*Action item*. Write down, unchanged, the entries from the first line through the line holding "Hotel Shaurya Haridwār Exteriör bild". Include no other line.

--- START ---

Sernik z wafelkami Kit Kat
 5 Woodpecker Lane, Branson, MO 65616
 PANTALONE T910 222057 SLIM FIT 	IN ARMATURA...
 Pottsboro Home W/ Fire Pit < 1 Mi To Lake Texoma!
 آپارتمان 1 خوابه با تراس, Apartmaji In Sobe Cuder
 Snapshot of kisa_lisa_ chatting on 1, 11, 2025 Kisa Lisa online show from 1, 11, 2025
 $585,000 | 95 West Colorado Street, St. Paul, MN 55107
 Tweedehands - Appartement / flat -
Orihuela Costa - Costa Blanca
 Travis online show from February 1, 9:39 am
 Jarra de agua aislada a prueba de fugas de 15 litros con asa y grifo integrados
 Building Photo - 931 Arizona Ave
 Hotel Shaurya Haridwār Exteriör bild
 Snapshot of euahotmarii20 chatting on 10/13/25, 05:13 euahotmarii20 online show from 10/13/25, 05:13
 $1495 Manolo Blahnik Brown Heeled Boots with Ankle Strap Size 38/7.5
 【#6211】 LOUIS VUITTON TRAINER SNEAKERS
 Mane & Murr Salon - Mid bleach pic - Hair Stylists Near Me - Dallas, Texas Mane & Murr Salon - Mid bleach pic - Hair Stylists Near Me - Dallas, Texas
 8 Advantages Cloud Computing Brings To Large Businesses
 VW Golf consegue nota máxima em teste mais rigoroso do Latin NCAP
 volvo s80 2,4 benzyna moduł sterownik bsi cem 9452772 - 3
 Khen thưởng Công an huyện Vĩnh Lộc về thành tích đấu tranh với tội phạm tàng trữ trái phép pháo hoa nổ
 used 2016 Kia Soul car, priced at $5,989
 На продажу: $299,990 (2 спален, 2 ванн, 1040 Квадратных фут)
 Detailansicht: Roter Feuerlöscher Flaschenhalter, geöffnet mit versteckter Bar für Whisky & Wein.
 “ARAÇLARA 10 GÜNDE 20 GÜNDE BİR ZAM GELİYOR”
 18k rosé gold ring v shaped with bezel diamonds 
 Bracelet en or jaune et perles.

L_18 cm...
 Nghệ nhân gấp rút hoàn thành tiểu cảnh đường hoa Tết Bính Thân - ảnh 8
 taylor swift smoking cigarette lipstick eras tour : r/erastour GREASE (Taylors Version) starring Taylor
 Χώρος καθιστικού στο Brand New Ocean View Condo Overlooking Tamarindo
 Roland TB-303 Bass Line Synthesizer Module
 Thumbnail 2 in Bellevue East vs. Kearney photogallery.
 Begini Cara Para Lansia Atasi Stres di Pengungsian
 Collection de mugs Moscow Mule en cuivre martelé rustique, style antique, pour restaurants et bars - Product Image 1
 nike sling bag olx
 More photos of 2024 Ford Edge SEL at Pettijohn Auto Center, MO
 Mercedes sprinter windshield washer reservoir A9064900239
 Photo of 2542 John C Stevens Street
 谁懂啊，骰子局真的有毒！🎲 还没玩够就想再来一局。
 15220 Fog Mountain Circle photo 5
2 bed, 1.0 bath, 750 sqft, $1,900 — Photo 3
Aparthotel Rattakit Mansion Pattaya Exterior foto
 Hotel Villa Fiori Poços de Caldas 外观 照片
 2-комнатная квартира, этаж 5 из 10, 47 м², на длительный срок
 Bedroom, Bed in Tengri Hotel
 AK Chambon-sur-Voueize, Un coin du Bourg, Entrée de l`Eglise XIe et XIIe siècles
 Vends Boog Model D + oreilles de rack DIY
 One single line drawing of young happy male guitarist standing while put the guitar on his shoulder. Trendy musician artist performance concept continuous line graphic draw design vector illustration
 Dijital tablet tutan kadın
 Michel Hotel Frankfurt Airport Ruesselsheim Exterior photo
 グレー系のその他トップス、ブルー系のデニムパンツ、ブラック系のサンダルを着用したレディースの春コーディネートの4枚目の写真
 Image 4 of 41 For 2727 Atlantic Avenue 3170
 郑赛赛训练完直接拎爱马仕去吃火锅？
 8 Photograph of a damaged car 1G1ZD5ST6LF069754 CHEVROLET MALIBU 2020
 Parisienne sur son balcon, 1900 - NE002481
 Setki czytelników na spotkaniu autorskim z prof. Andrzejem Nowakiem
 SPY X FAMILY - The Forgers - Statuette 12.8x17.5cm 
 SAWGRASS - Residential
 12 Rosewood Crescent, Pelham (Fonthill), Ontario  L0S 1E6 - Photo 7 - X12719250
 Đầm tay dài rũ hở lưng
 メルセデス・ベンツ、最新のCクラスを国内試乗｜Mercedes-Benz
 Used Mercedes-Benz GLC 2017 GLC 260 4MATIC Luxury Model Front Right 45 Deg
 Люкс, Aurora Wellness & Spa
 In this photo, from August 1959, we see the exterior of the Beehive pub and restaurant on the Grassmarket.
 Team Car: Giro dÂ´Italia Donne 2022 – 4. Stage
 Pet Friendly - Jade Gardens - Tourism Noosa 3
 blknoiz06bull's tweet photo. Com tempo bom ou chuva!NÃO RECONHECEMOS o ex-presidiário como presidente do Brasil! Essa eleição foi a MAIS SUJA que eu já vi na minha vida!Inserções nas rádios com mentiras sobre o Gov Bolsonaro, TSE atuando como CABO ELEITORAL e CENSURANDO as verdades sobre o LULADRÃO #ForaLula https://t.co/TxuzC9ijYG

--- END ---

*Exercise answer*.
Sernik z wafelkami Kit Kat
 5 Woodpecker Lane, Branson, MO 65616
 PANTALONE T910 222057 SLIM FIT 	IN ARMATURA...
 Pottsboro Home W/ Fire Pit < 1 Mi To Lake Texoma!
 آپارتمان 1 خوابه با تراس, Apartmaji In Sobe Cuder
 Snapshot of kisa_lisa_ chatting on 1, 11, 2025 Kisa Lisa online show from 1, 11, 2025
 $585,000 | 95 West Colorado Street, St. Paul, MN 55107
 Tweedehands - Appartement / flat -
Orihuela Costa - Costa Blanca
 Travis online show from February 1, 9:39 am
 Jarra de agua aislada a prueba de fugas de 15 litros con asa y grifo integrados
 Building Photo - 931 Arizona Ave
 Hotel Shaurya Haridwār Exteriör bild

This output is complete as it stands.